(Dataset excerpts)
===============
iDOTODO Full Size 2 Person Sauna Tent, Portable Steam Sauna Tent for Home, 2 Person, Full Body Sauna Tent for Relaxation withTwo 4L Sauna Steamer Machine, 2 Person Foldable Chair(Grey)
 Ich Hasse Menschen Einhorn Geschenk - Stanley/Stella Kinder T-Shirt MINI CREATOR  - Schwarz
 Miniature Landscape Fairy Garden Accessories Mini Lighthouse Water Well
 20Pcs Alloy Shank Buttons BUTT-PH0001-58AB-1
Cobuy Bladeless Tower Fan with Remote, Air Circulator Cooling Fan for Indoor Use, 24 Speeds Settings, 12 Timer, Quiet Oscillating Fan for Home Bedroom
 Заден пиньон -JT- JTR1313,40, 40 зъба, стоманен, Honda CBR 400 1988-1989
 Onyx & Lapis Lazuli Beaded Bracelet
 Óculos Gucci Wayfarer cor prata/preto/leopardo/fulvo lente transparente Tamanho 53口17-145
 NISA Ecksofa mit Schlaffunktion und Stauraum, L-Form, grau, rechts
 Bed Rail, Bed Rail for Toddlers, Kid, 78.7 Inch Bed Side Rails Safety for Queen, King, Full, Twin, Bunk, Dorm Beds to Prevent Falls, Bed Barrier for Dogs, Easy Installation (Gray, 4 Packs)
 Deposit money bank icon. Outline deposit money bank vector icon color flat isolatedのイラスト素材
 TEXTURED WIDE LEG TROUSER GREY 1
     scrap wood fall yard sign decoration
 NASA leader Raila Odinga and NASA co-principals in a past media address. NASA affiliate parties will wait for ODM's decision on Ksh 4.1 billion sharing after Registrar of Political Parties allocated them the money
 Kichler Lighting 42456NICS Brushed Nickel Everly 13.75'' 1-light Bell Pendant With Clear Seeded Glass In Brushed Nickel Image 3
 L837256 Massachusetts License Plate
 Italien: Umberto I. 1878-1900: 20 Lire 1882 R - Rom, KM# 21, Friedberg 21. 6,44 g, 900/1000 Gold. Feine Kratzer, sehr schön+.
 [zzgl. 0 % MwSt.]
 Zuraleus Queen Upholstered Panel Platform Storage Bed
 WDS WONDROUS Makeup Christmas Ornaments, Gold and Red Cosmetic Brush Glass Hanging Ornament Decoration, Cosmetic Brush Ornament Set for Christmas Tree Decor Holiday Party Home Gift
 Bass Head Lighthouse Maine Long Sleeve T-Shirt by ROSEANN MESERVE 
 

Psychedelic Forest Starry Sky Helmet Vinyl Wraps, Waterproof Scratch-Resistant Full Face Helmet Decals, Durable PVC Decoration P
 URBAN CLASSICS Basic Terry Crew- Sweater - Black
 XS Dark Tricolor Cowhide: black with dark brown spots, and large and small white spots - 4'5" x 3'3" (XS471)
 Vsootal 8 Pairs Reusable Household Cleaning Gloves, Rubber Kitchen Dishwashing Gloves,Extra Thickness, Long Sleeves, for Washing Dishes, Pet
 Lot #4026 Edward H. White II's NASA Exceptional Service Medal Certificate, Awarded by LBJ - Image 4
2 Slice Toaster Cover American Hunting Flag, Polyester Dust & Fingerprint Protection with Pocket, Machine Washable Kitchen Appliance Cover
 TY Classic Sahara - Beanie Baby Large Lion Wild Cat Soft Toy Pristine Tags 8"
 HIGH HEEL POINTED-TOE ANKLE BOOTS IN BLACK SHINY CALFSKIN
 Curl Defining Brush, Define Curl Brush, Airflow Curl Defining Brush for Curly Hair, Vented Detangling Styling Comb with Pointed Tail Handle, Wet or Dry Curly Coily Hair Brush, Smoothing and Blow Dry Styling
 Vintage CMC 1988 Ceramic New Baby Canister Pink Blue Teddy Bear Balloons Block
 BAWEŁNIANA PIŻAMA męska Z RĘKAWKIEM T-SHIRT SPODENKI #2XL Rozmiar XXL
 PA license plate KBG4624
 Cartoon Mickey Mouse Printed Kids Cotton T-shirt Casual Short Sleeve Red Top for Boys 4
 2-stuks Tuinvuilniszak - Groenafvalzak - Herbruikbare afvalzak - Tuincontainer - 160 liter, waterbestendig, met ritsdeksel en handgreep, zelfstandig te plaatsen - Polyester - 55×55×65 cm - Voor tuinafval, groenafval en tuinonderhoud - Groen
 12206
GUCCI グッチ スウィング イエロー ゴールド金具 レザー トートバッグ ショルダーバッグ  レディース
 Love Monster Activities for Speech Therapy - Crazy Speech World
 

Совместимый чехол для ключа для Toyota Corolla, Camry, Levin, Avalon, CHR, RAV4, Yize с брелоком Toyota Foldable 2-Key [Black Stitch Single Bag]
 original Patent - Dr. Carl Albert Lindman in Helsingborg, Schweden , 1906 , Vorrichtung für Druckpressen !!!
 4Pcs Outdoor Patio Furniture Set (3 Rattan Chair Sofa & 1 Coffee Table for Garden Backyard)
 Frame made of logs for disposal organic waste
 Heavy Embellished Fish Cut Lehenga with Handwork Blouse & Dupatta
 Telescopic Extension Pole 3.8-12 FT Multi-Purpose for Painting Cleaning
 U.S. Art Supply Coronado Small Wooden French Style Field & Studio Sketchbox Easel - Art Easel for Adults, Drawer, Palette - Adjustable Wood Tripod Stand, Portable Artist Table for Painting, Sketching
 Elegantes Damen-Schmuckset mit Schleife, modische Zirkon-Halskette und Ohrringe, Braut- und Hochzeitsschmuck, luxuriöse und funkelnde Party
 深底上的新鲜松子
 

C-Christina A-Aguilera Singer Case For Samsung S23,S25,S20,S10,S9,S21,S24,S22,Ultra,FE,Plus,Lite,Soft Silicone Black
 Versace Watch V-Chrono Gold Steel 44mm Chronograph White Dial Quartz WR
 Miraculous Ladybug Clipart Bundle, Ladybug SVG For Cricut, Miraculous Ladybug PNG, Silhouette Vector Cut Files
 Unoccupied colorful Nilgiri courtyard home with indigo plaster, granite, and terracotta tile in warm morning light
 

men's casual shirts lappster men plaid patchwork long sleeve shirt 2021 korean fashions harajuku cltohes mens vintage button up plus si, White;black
===============
TO DO
Each record above must be restated in full, word for word.

SOLUTION
iDOTODO Full Size 2 Person Sauna Tent, Portable Steam Sauna Tent for Home, 2 Person, Full Body Sauna Tent for Relaxation withTwo 4L Sauna Steamer Machine, 2 Person Foldable Chair(Grey)
 Ich Hasse Menschen Einhorn Geschenk - Stanley/Stella Kinder T-Shirt MINI CREATOR  - Schwarz
 Miniature Landscape Fairy Garden Accessories Mini Lighthouse Water Well
 20Pcs Alloy Shank Buttons BUTT-PH0001-58AB-1
Cobuy Bladeless Tower Fan with Remote, Air Circulator Cooling Fan for Indoor Use, 24 Speeds Settings, 12 Timer, Quiet Oscillating Fan for Home Bedroom
 Заден пиньон -JT- JTR1313,40, 40 зъба, стоманен, Honda CBR 400 1988-1989
 Onyx & Lapis Lazuli Beaded Bracelet
 Óculos Gucci Wayfarer cor prata/preto/leopardo/fulvo lente transparente Tamanho 53口17-145
 NISA Ecksofa mit Schlaffunktion und Stauraum, L-Form, grau, rechts
 Bed Rail, Bed Rail for Toddlers, Kid, 78.7 Inch Bed Side Rails Safety for Queen, King, Full, Twin, Bunk, Dorm Beds to Prevent Falls, Bed Barrier for Dogs, Easy Installation (Gray, 4 Packs)
 Deposit money bank icon. Outline deposit money bank vector icon color flat isolatedのイラスト素材
 TEXTURED WIDE LEG TROUSER GREY 1
     scrap wood fall yard sign decoration
 NASA leader Raila Odinga and NASA co-principals in a past media address. NASA affiliate parties will wait for ODM's decision on Ksh 4.1 billion sharing after Registrar of Political Parties allocated them the money
 Kichler Lighting 42456NICS Brushed Nickel Everly 13.75'' 1-light Bell Pendant With Clear Seeded Glass In Brushed Nickel Image 3
 L837256 Massachusetts License Plate
 Italien: Umberto I. 1878-1900: 20 Lire 1882 R - Rom, KM# 21, Friedberg 21. 6,44 g, 900/1000 Gold. Feine Kratzer, sehr schön+.
 [zzgl. 0 % MwSt.]
 Zuraleus Queen Upholstered Panel Platform Storage Bed
 WDS WONDROUS Makeup Christmas Ornaments, Gold and Red Cosmetic Brush Glass Hanging Ornament Decoration, Cosmetic Brush Ornament Set for Christmas Tree Decor Holiday Party Home Gift
 Bass Head Lighthouse Maine Long Sleeve T-Shirt by ROSEANN MESERVE 
 

Psychedelic Forest Starry Sky Helmet Vinyl Wraps, Waterproof Scratch-Resistant Full Face Helmet Decals, Durable PVC Decoration P
 URBAN CLASSICS Basic Terry Crew- Sweater - Black
 XS Dark Tricolor Cowhide: black with dark brown spots, and large and small white spots - 4'5" x 3'3" (XS471)
 Vsootal 8 Pairs Reusable Household Cleaning Gloves, Rubber Kitchen Dishwashing Gloves,Extra Thickness, Long Sleeves, for Washing Dishes, Pet
 Lot #4026 Edward H. White II's NASA Exceptional Service Medal Certificate, Awarded by LBJ - Image 4
2 Slice Toaster Cover American Hunting Flag, Polyester Dust & Fingerprint Protection with Pocket, Machine Washable Kitchen Appliance Cover
 TY Classic Sahara - Beanie Baby Large Lion Wild Cat Soft Toy Pristine Tags 8"
 HIGH HEEL POINTED-TOE ANKLE BOOTS IN BLACK SHINY CALFSKIN
 Curl Defining Brush, Define Curl Brush, Airflow Curl Defining Brush for Curly Hair, Vented Detangling Styling Comb with Pointed Tail Handle, Wet or Dry Curly Coily Hair Brush, Smoothing and Blow Dry Styling
 Vintage CMC 1988 Ceramic New Baby Canister Pink Blue Teddy Bear Balloons Block
 BAWEŁNIANA PIŻAMA męska Z RĘKAWKIEM T-SHIRT SPODENKI #2XL Rozmiar XXL
 PA license plate KBG4624
 Cartoon Mickey Mouse Printed Kids Cotton T-shirt Casual Short Sleeve Red Top for Boys 4
 2-stuks Tuinvuilniszak - Groenafvalzak - Herbruikbare afvalzak - Tuincontainer - 160 liter, waterbestendig, met ritsdeksel en handgreep, zelfstandig te plaatsen - Polyester - 55×55×65 cm - Voor tuinafval, groenafval en tuinonderhoud - Groen
 12206
GUCCI グッチ スウィング イエロー ゴールド金具 レザー トートバッグ ショルダーバッグ  レディース
 Love Monster Activities for Speech Therapy - Crazy Speech World
 

Совместимый чехол для ключа для Toyota Corolla, Camry, Levin, Avalon, CHR, RAV4, Yize с брелоком Toyota Foldable 2-Key [Black Stitch Single Bag]
 original Patent - Dr. Carl Albert Lindman in Helsingborg, Schweden , 1906 , Vorrichtung für Druckpressen !!!
 4Pcs Outdoor Patio Furniture Set (3 Rattan Chair Sofa & 1 Coffee Table for Garden Backyard)
 Frame made of logs for disposal organic waste
 Heavy Embellished Fish Cut Lehenga with Handwork Blouse & Dupatta
 Telescopic Extension Pole 3.8-12 FT Multi-Purpose for Painting Cleaning
 U.S. Art Supply Coronado Small Wooden French Style Field & Studio Sketchbox Easel - Art Easel for Adults, Drawer, Palette - Adjustable Wood Tripod Stand, Portable Artist Table for Painting, Sketching
 Elegantes Damen-Schmuckset mit Schleife, modische Zirkon-Halskette und Ohrringe, Braut- und Hochzeitsschmuck, luxuriöse und funkelnde Party
 深底上的新鲜松子
 

C-Christina A-Aguilera Singer Case For Samsung S23,S25,S20,S10,S9,S21,S24,S22,Ultra,FE,Plus,Lite,Soft Silicone Black
 Versace Watch V-Chrono Gold Steel 44mm Chronograph White Dial Quartz WR
 Miraculous Ladybug Clipart Bundle, Ladybug SVG For Cricut, Miraculous Ladybug PNG, Silhouette Vector Cut Files
 Unoccupied colorful Nilgiri courtyard home with indigo plaster, granite, and terracotta tile in warm morning light
 

men's casual shirts lappster men plaid patchwork long sleeve shirt 2021 korean fashions harajuku cltohes mens vintage button up plus si, White;black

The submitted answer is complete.